As you can see there aren’t two HH states just as there aren’t two GG states in the original question.
Well, sorta? You were either in the world where dime was heads, in which case the space has TH, HH, or the Quarter was Heads, in which case you have HT, or again HH. Both with 50% probability, no? You were never in a scenario where HT and TH have the same probability as each other. (Well, again, sorta. Point being that you know one of them is possible.)
Edit: I want to be clear that my initial thinking was exactly what you said. I was trying to "steelman" the bad intuition and I think I've trapped myself. :D
From the Wikipedia article linked in TFA:
> Following classical probability arguments, we consider a large urn containing two children.
I like how they modified a classic from probability texts, drawing items from an urn, and made sure it would be big enough in this example to accommodate two kids.

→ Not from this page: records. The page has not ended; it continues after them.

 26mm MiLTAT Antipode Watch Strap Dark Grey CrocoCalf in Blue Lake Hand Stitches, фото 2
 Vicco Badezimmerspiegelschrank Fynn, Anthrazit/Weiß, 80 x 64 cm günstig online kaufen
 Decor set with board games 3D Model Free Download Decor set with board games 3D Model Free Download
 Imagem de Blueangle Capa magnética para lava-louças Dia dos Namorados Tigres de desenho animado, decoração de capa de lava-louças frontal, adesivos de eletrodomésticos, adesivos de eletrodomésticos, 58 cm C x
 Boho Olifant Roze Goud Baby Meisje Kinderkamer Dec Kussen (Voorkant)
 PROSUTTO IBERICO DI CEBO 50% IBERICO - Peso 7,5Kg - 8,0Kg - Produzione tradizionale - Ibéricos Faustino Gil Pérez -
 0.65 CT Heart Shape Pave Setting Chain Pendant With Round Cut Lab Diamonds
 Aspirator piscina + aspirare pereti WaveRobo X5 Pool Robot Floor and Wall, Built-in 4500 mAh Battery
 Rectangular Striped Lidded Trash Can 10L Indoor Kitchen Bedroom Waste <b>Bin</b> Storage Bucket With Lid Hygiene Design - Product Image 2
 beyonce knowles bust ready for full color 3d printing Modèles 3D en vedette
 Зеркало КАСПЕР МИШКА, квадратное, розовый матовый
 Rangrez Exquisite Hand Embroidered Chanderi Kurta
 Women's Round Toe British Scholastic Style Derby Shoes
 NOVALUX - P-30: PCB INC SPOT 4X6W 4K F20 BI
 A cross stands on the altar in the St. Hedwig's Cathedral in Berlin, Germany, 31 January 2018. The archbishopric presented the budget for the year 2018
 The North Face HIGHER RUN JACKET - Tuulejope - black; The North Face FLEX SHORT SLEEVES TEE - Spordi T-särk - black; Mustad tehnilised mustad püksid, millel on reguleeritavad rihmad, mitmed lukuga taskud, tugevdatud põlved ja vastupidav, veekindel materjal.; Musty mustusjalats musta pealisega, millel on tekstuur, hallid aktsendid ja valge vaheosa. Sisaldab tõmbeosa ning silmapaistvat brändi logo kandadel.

This is better than an "assume a spherical cow" joke in the wild.
Perhaps people would be more likely to give the correct answer if "at least one of them is a girl" is rephrased as the equivalent "the youngest is a girl or the oldest is a girl".
Well constructing a different question to remove the “trick” of the problem is one approach. Kind of the “no child left behind” approach to riddles.
Maybe people would be more likely to give the correct answer if the problem had _one_ correct answer. :-)
Another way is to say: the probability is 1/3, what is the probability? In this way, more people can answer it correctly, though perhaps not all.
This reminds me of the Monty Hall. Which doesn't explicitly tell that host never reveals the car. Which for lot of people would be sensible option in game show. Just screw them up instantly. Well at least the winner gets some mutton.
For something this small we can enumerate all the cases (this is a Scheme version of the Mathematica `Tuples` function)
3 cases have at least one girlof those 3 cases, 1/3 are both girls
A coworker approached you and goes “hi, I have two children and one is a boy…” and is promptly vaporized because he doesn’t fit the selection criteria of the problem statement, another approaches and goes “err hi, I have two children and one is a girl…” looks nervously at the vaporizer but is left standing. What is the chance their other child is a girl, who has not been vaporized?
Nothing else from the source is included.